How do I manage files in a S3 Deep Archive Bucket

This guide covers issues relating specifically to S3 Deep Archive buckets. For more general information on using S3 Buckets (connecting to a bucket, uploading files), please refer to https://yaleits.atlassian.net/wiki/spaces/spinup/pages/829292599 .

Objective
Upload files, create retrieval jobs, track a jobs status, manage expiry, and download the retrieved objects contained within a S3 Deep Archive Bucket.

Introduction

S3 Deep Archive is different from other S3 storage classes primarily in terms of retrieval times and costs. Unlike the immediate access you get with standard S3 buckets, S3 Deep Archive is designed for long-term data storage where access is infrequent and retrieval can afford to take hours. This translates to highly reduced storage costs, making it an attractive option for archival purposes.

This guide will equip you with knowledge on creating retrieval jobs, tracking their status, downloading the retrieved data, and managing object expiry.

S3 Deep archive should only be used for storage where files need to be retrieved 1-2 times a year. If you are actively working with files (uploading / downloading / deleting), you should consider other storage options, such as S3 (via Spinup) or Wasabi. More info on comparing storage options can be found on Storage Finder @ Yale.

Retrieving a file (via the Amazon Command Line Interface)

  1. Initiate a Restore Request:

    aws s3api restore-object --bucket YOUR_BUCKET_NAME --key YOUR_FILE_KEY --restore-request Days=NUMBER_OF_DAYS_TO_KEEP_RESTORED,GlacierJobParameters={Tier="STANDARD"}
    • Replace YOUR_BUCKET_NAME with the name of your bucket.

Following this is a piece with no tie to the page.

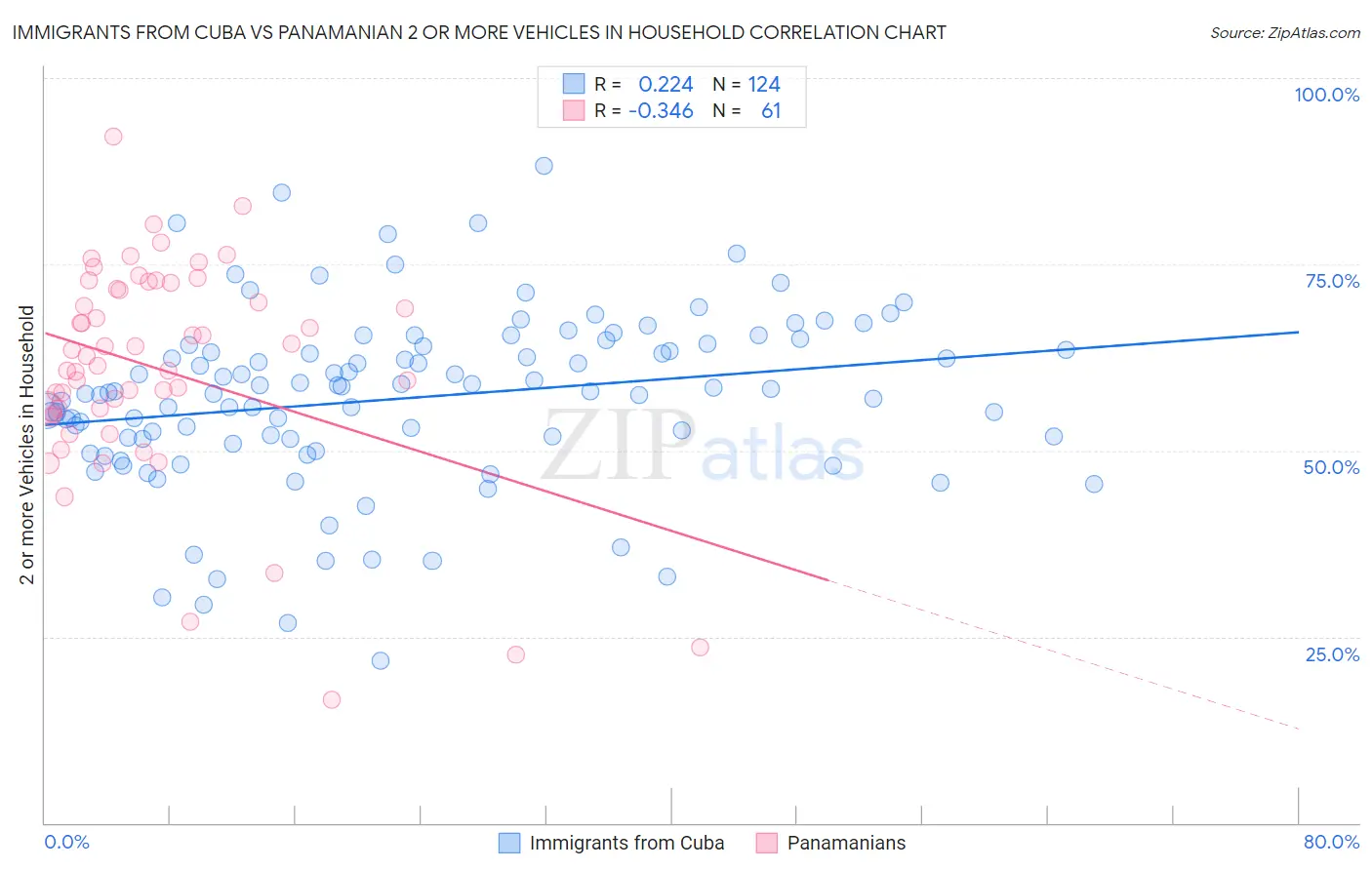 Immigrants from Cuba vs Panamanian 2 or more Vehicles in Household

    • Replace YOUR_FILE_KEY with the S3 key of the file you want to restore.

    • Replace NUMBER_OF_DAYS_TO_KEEP_RESTORED with the number of days you want to keep the restored copy available for. After this time period, the temporary copy will be deleted, but the original in Glacier Deep Archive remains.

  2. Check the Restoration Status:
    It typically takes about 12 hours for the restoration process to complete. To check the status:

    aws s3api head-object --bucket YOUR_BUCKET_NAME --key YOUR_FILE_KEY

    In the output, look for the "Restore" field. When the file is ready, it'll state "ongoing-request": "false".

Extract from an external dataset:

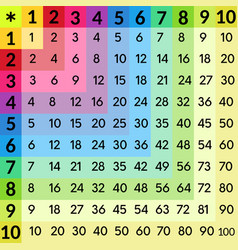 Colorful multiplication table from 1 to 10 Vector Image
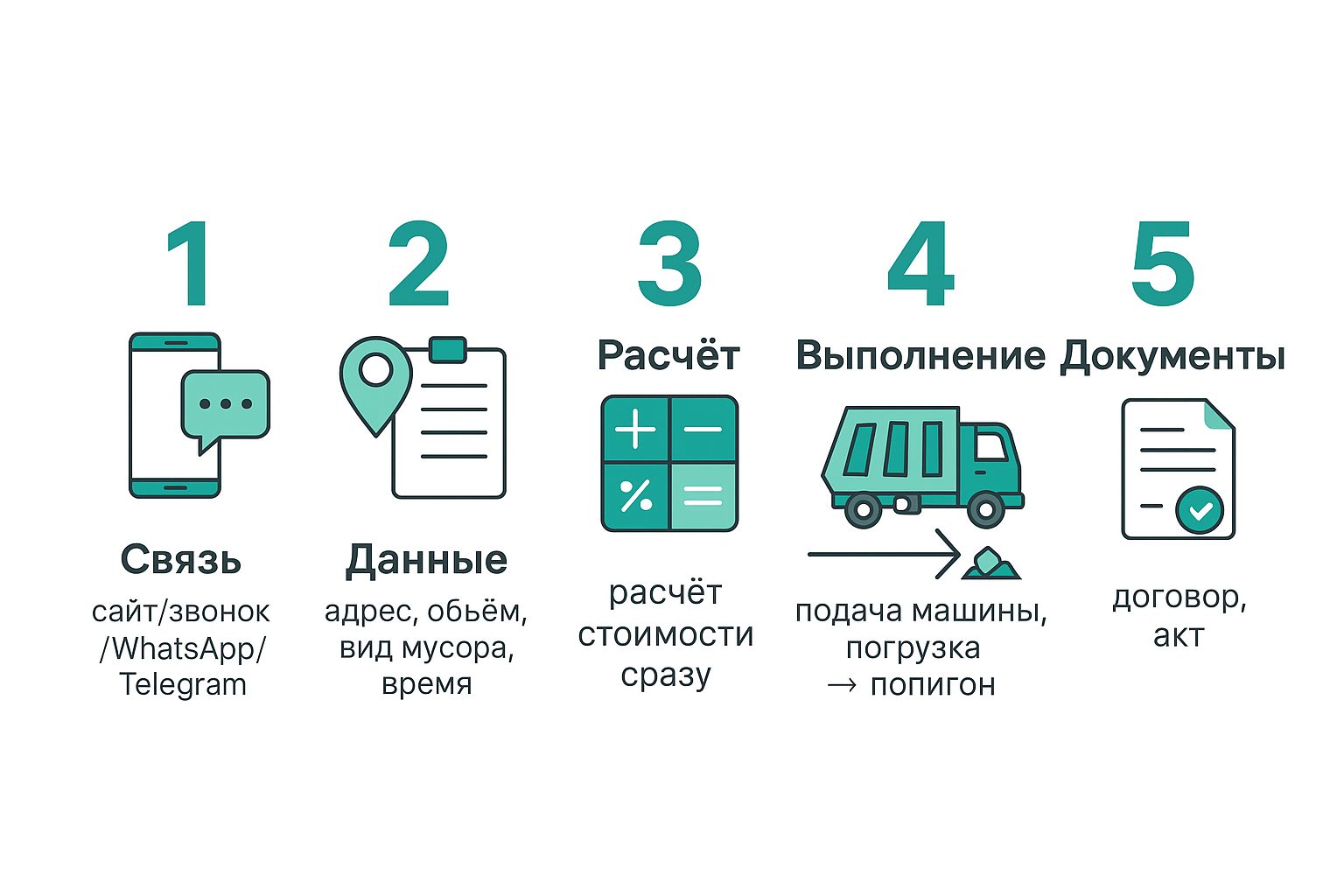 картинка4 Цикл работ с вывозом мусора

  3. Retrieve the Restored File:
    After restoration completes:

    aws s3 cp s3://YOUR_BUCKET_NAME/YOUR_FILE_KEY DESTINATION_PATH_ON_YOUR_LOCAL_MACHINE

    Replace DESTINATION_PATH_ON_YOUR_LOCAL_MACHINE with where you want to download the file to.

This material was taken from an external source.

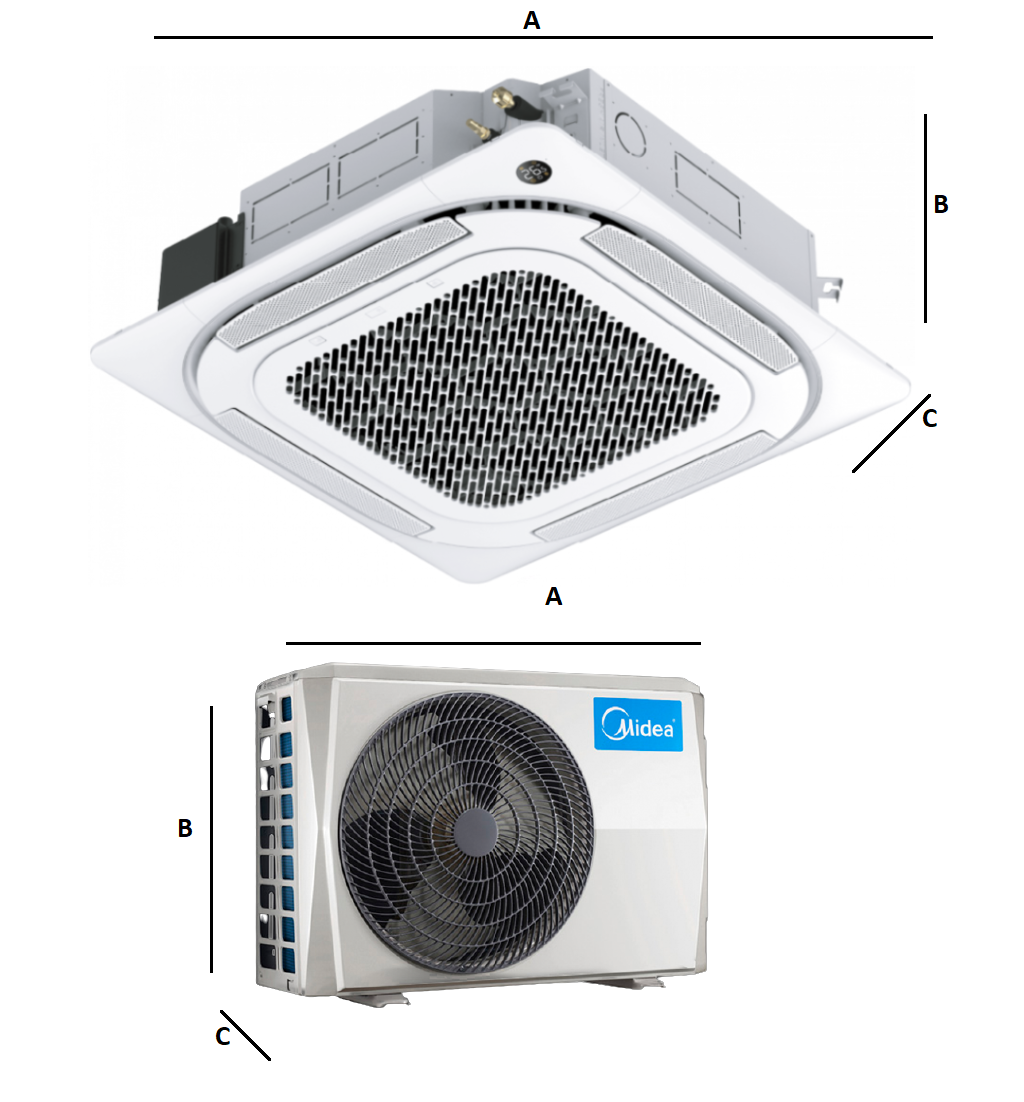 Kassettenklimaanlage SLIM Midea 7kW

You are only billed for the restored copy of the file for the number of days you specified in the restore request. After those days, the temporary restored copy will be deleted, but the original in the Glacier Deep Archive will remain intact.

Retrieving a file (via Cyberduck)

  1. Initiate a Restore Request:

    • Locate the file you wish to restore in Cyberduck.

    • Right-click on the file.

    • Select "Restore" from the context menu.

  2. Check the Restoration Status:

    • The restoration process typically takes approximately 12 hours.

    • To verify the status: a. Right-click on the file. b. Choose “Info” from the context menu. c. Navigate to the "Metadata" tab. d. Search for the "Restore" field. The file is ready for retrieval when marked "ongoing-request": "false".

  3. Retrieve the Restored File:

    • When the file is ready:

      • a. Right-click on the file.

      • b. Choose "Download" from the menu.

    • Alternatively, you can drag & drop the file to your preferred directory.